Having Thiago back from injury has also proven to be a massive boost for us. Bayern have been playing significantly better since both he and Coman returned from injury in our 2-1 win over Werder Bremen in the beginning of December. I personally can’t wait to see what the matchup will be like between Coman and Trent and/or Gomez if he’s fit, and Andy Robertson and Serge Gnabry. Also, you can’t count out Robert Lewandowski even though he’s not a name anyone isn’t used to by now. He’s on a tear this season, having scored 22 goals from as many matches this season and providing 5 assists.
TLO: A lot has been made of Bayern’s relative struggles this season—instead of walking the league they’re nine back of Dortmund.

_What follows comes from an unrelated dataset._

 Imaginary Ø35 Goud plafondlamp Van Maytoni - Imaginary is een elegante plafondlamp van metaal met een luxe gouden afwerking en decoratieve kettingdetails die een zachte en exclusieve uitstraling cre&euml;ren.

Is that a fair reflection of this squad’s quality and will Liverpool be facing an unusually weak Bayern side, or is something else—injuries or difficulties adapting to a new manager, perhaps—at play that could mean what we get in February looks a lot different to what we’ve seen so far?

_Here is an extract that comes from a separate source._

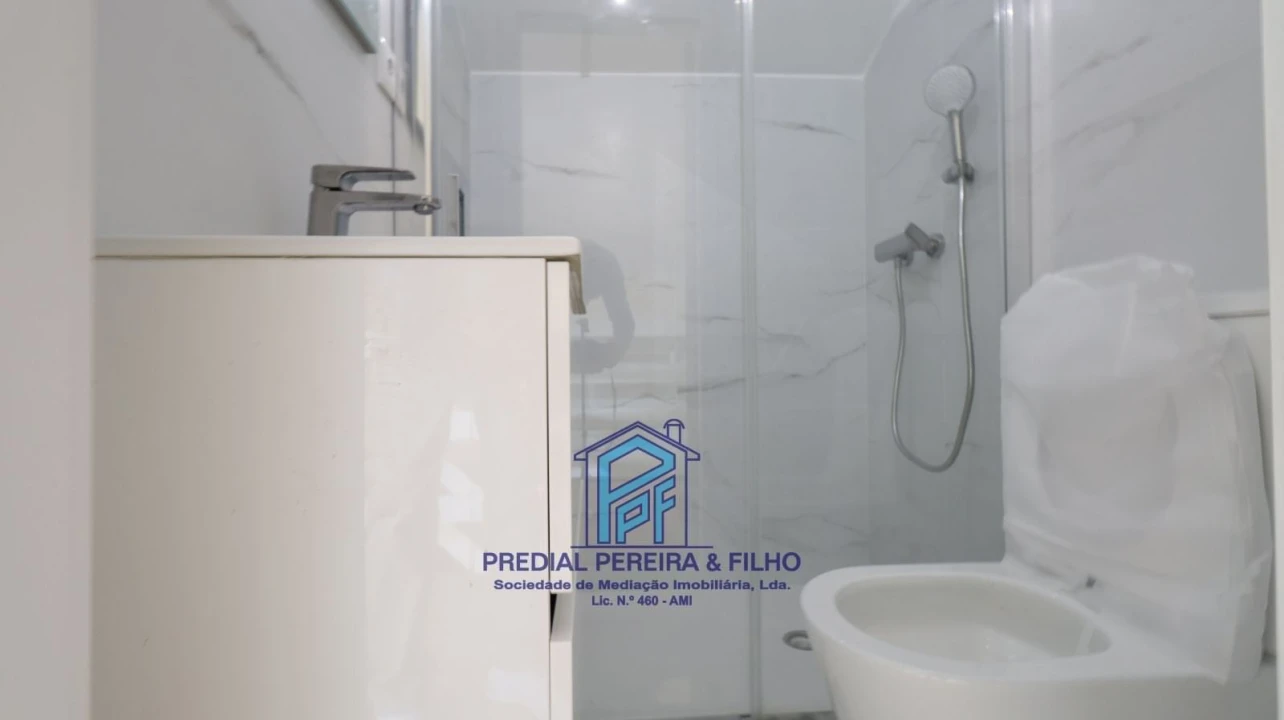 Apartamento T5 para Venda em Cidade da Maia Foto 23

BFW: I think with this, as a lot of us in the BFW community have discussed, a big part of it has to do with the rest of the Bundesliga getting better and better. Sure, we’ve had our struggles this season adapting to a new manager and new systems, but it hasn’t helped us that teams like Borussia Dortmund and Borussia Monchengladbach have been playing incredibly well, both of them having beat us already this season. RB Leipzig and Eintracht Frankfurt are close behind Bayern in the standings as well.
We’ve also had terrible luck with injuries this season, too, which made life quite difficult for Kovac in his first season in charge. Losing Coman and Corentin Tolisso so early on the season combined with a bevy of players picking up injuries at overlapping times has made it difficult for us to keep momentum going.
Goretzka, Ribery, Robben, James, David Alaba, Jerome Boateng, and Mats Hummels have all had injury problems this season at one point or another. We’ve started to refer to all of our bad injury luck at BFW as the Injury Gods not liking us. With all that said, if we’re able to avoid picking up too many injuries prior to the Liverpool clash, that will only better our chances of giving Liverpool a real test—especially if we’re in a good run of form after our winter break.
TLO: Finally, how do you rate Bayern’s chances of getting past Liverpool in the Round of 16? And, conversely, what—if anything—will it mean for the club’s short-term future if they do get knocked out?
BFW: Assuming we’re injury free and Liverpool are as well come time for the tie, I’d say Bayern realistically have about a 45% chance of progressing past Liverpool. Anfield has been an absolute fortress this season and Liverpool have not lost a European night there in quite some time.
By that token, though, Bayern definitely have the advantage of having the home leg second. If we can keep a tight scoreline at Anfield and perhaps even grab an away goal, we can set ourselves up nicely for the leg at the Allianz Arena. After all, Liverpool have had their struggles on the road in the CL this season—I’m still not quite sure what happened that night at Red Star, to be quite honest.
As far as Bayern implications as the result of this tie, there’s two sides to it. Beating Liverpool would a massive achievement and would get a lot of people fully believing in Kovac and Bayern’s front office, who’ve come under fire this season. On the other side of that, being knocked out of the CL in the round of 16 would be a massive disappointment, but I don’t think any real football fan can doubt Liverpool’s worth right now.
As long as Bayern leave it all out there, losing to Liverpool wouldn’t be the end of the world and we could still be on for a domestic double if we take care of business in the league and Dortmund drop some points.